- Dataset extract -
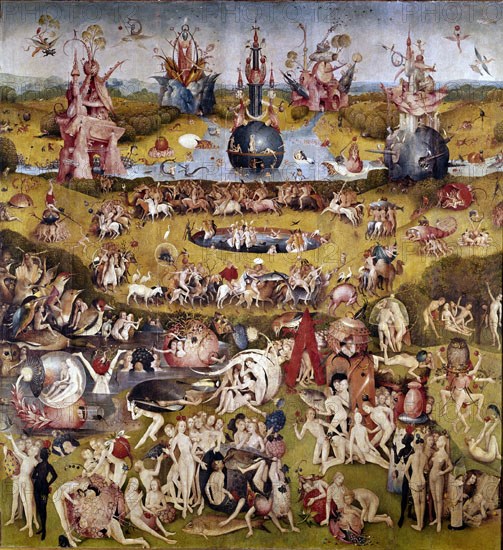 Bosch, Le Jardin des Délices (détail)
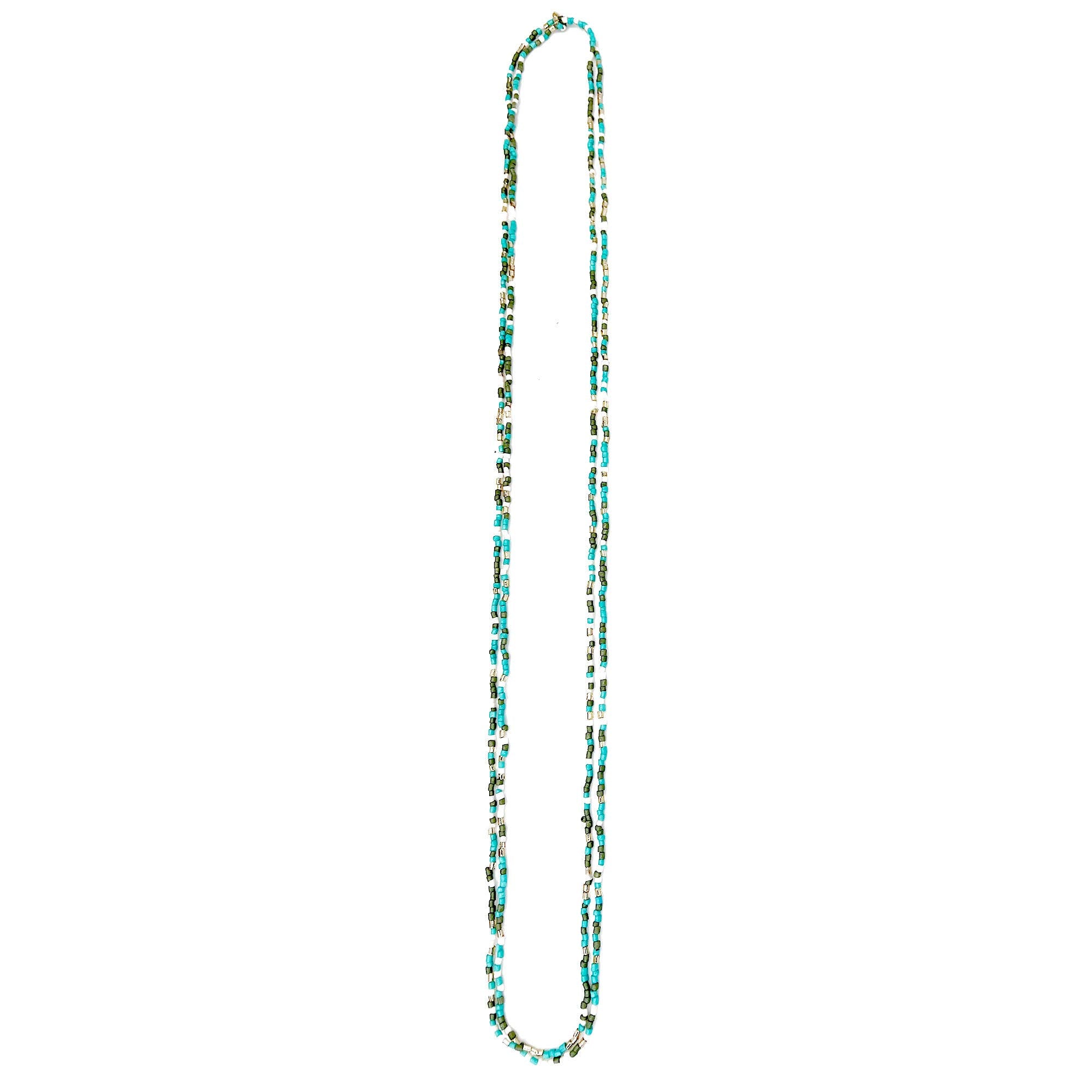 12 Seed Bead Necklace Pre-pack with Display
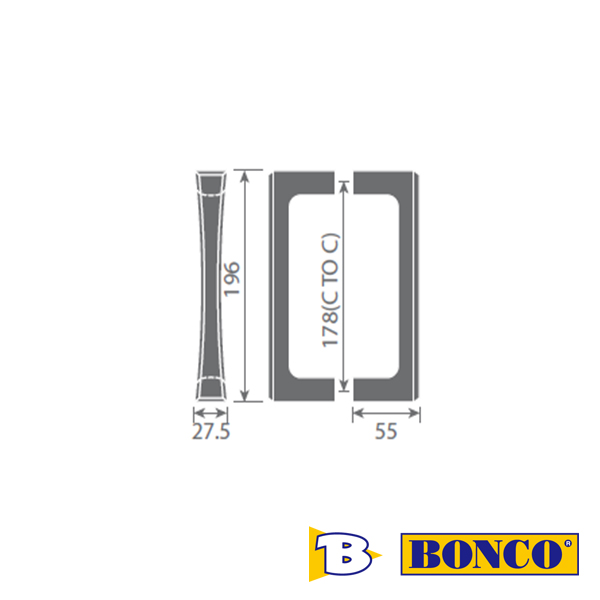 Pull Handle Bonco EHB010 Solid Brass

- Exercise -
Give back the material above exactly as written, but omit the images.

- Answer to the problem -
 Bosch, Le Jardin des Délices (détail)
 12 Seed Bead Necklace Pre-pack with Display
 Pull Handle Bonco EHB010 Solid Brass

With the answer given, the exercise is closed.